I can remember back to my sophomore year when we had the Deke incident. Next came the Michael Hudec/YouTube incident. Then the KKK incident. The Election Night incident. The Laramie Project incident…
At a certain frequency, incidents cease to be incidental. They become habits.
I know there is a cultural divide in this country, but you don’t see progressives desecrating Confederate statues or Northerners doing anything equivalent at their universities to what goes on semi-regularly at Ole Miss.
At least it is being treated as a very serious matter by both the school and the Feds.
Yes, there is a “cultural divide”.
Which is a gentle euphemism for saying that our country and, not to mention, one of our political parties, is made up of a sizable percentage of stupid fucking bigot assholes, and an assortment of their enablers; who will give a laugh, a wink and a nod to them when they think they are all in the company of like-minded jackasses.

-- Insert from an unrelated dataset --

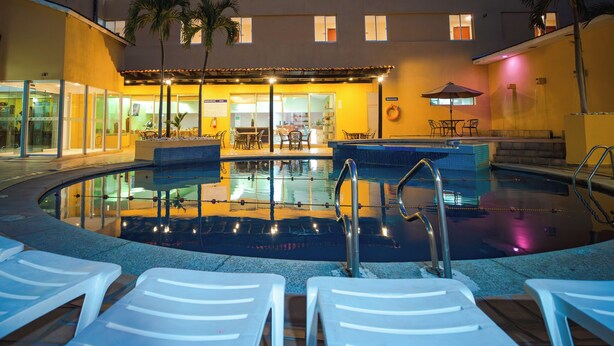 Un espace piscine avec des chaises longues, une petite piscine et, au fond, un bâtiment abritant un restaurant et un bar.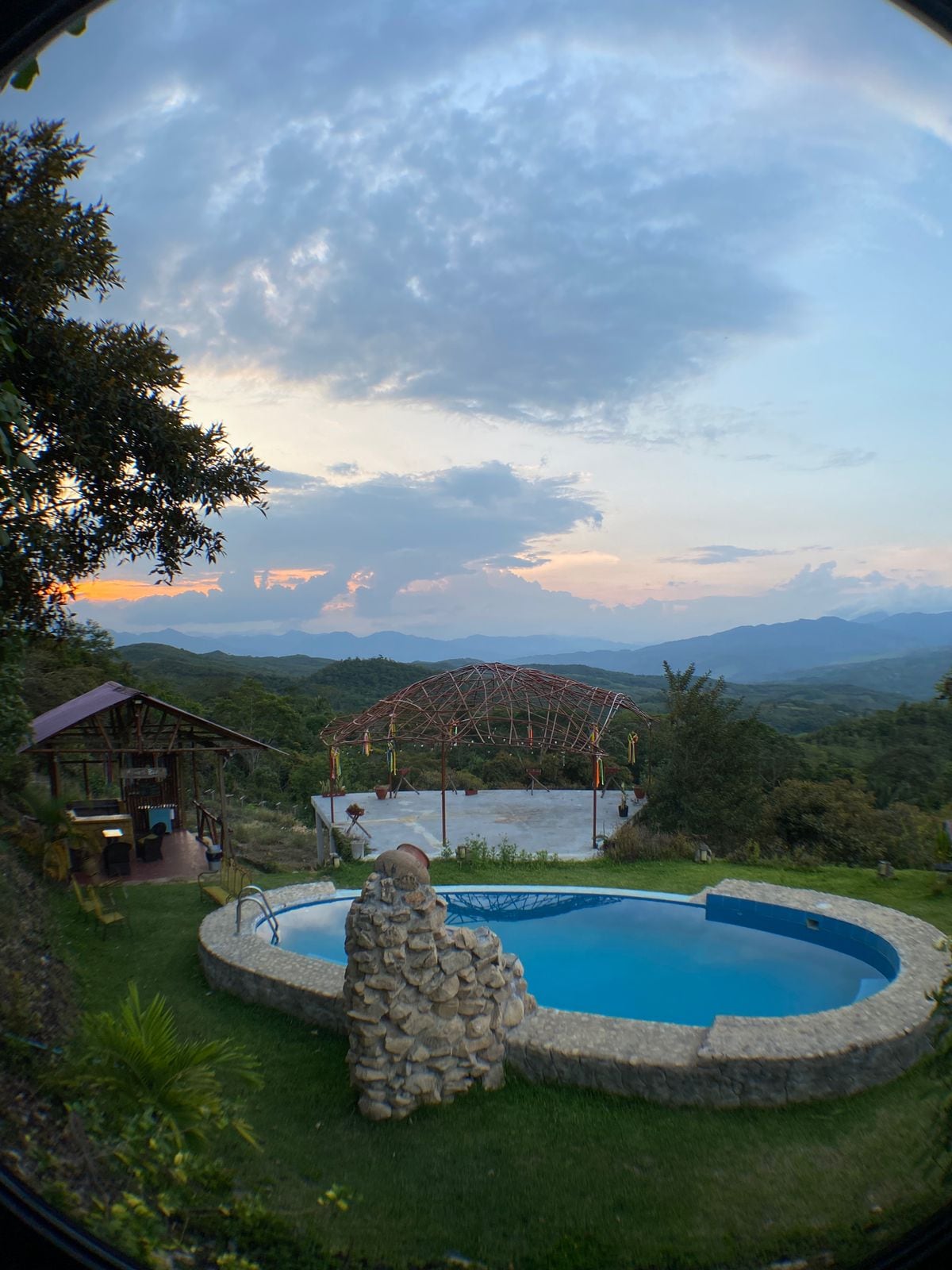 An outdoor area features a circular pool surrounded by natural stone, with a distant mountain range under a soft sunset sky. A gazebo structure stands nearby, complemented by a rustic building, lush greenery, and scenic views of the hills.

And these same enablers will also give silent consent to implications of violence by these same bigots. These people are scum. Their enablers are scum. And they are deplorable creatures, who don’t deserve the right to be called human beings. It is high time that all these people be called out for what they are. The time is long over for giving anyone the benefit of the doubt on things such as this.
These people feel that behaviors like this have been sanctioned. And that is because they have; by talk radio, by right-wing politicians, by GOP Presidential candidates. They all are just as guilty as the people who hung that noose and flag.
Is this the part where we white liberals pretend to be shocked (SHOCKED!) that southern white folks still do this?
And then we defend southern white folks by saying “oh not ALL of them…” ?
And then lie and say that’s it’s equally bad everywhere?
And then prepare to be shocked (SHOCKED!) tomorrow when this happens again?
And then declare that it’s-not-race-it’s-class?
And then talk about the need for “a conversation” on race?
All to avoid “alienating” southern white folks. Which is merely a euphemism for enabling them while pretending to be on the good side.
Have fun with that.
I don’t get it. Are you saying all southern white folks are raging racist bigots?
I’m a northern transplant behind enemy lines in the south, and there are plenty of awesome southern white people who aren’t bigots.
And assuming you think only southern whites are bigots, try going outside now and again anywhere in the north. There are plenty of bigoted fucks there too.
You did 2) and 3). Really my only surprise is that you didn’t just say fuck it and do them all. I mean really – go big or go home dude.
You’re absolutely correct.
Every single southerner is a raging racist, and not on single northerner is a racist, like, at all.
Go big or go home indeed.
Have fun, and if you tune your hat just right, you’ll hear even more secrets no one else knows.
I don’t think that’s the point. I think the point is that every time we hear about pervasive racism in the South, someone feels compelled to defensively chime in with ‘it’s not all Southerners’ and ‘it’s not just the South!’
Which is true. However, white Southerners aren’t the victims here.
Reminds me of a comment thread where someone talks about violence against women, and a bunch of strangely defensive men start sputtering about how all men aren’t batterers, and there are women who do terrible things, too.
All one has to do is spend a little time in this little ruby red area of my state to know that what you say is absolutely true. Bigotry doesn’t stop when it hits the edge of the old Confederacy. And not to overlook the fact that I have some southern relatives who are proud, raging liberals, and who are not afraid to say it.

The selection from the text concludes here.